Support grows for even stronger payday lending regulations

Twenty-eight Democratic US Senators have joined the call supporting the federal payday lending regulation proposed by the Consumer Financial Protection Bureau -- and urging that they be made even stronger.

 /By Chad M. Leo<>PM BlogSpace Report/ Throughout the country millions of minority workers and their families are being financially disenfranchised, and are being forced to give banks over half of what they would ever bring home from a paycheck.

 Payday lenders look like mom-and-pop storefront operations but many are national franchises and are enabled by supposedly well-regulated chartered banks that support and profit from payday lending.

 Payday loans typically carry rates of 300 percent annual interest. Thankfully, 14 states plus the District of Columbia enforce laws that prevent these high-cost abusive loans that ensnare people in unaffordable debt traps. Over 90 million people live in states that are payday loan free; Maryland’s regulations are not perfect but keep most abuses to a minimum.

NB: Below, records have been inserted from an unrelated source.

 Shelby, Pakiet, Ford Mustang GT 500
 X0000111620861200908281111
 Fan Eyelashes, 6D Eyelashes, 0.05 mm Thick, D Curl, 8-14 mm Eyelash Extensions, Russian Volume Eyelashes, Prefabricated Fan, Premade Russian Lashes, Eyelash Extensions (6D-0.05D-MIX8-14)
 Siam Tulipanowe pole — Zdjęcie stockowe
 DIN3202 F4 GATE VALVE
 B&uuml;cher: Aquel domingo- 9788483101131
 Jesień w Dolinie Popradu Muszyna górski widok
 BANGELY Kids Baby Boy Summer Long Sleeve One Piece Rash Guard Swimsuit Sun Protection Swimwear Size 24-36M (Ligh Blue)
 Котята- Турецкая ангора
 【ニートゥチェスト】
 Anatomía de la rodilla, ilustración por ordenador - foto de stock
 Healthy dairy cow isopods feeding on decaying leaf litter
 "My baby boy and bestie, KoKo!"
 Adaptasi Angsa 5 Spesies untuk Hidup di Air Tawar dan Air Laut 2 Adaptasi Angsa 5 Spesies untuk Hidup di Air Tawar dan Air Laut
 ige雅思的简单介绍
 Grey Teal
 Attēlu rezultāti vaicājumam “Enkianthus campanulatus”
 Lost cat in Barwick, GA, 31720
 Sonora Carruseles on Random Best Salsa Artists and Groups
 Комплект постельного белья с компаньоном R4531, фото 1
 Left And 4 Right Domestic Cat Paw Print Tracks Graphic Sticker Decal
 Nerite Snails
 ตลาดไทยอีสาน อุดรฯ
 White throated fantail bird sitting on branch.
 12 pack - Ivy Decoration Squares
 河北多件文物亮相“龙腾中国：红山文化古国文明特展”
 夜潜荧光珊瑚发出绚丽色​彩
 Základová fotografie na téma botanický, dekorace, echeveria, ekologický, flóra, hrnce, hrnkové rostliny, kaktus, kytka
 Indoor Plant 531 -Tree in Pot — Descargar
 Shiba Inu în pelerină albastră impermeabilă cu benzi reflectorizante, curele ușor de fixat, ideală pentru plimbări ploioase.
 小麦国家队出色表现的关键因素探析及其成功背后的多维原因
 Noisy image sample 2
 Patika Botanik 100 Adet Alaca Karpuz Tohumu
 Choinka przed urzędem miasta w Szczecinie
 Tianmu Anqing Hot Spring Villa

 However, there is still work to be done. The Consumer Financial Protection Bureau is proposing rules to regulate these loans on a federal level. Although they cannot introduce a cap, the Bureau could ensure that the loans are affordable in light of the borrower's income and expenses by requiring lenders to demonstrate this.

 Members of the US Senate just this week released a letter in support of the CFPB rules and urged that they be strengthened even more – a call that has been echoed by Progressive Maryland and other pro-worker, pro-consumer organizations. (You can comment to the CFPB yourself through this link).

A July 20 release from Sen. Sherrod Brown (D-Ohio) stated “Today, 28 U.S. Senators—led by Senators Sherrod Brown, Jeff Merkley (D-Ore.), Dick Durbin (D-Ill), and Chris Coons (D-Del)—wrote to the Consumer Financial Protection Bureau (CFPB) expressing support for the agency’s small-dollar lending rule and encouraging the consumer agency to strengthen consumer protections in the proposed rule before finalizing it.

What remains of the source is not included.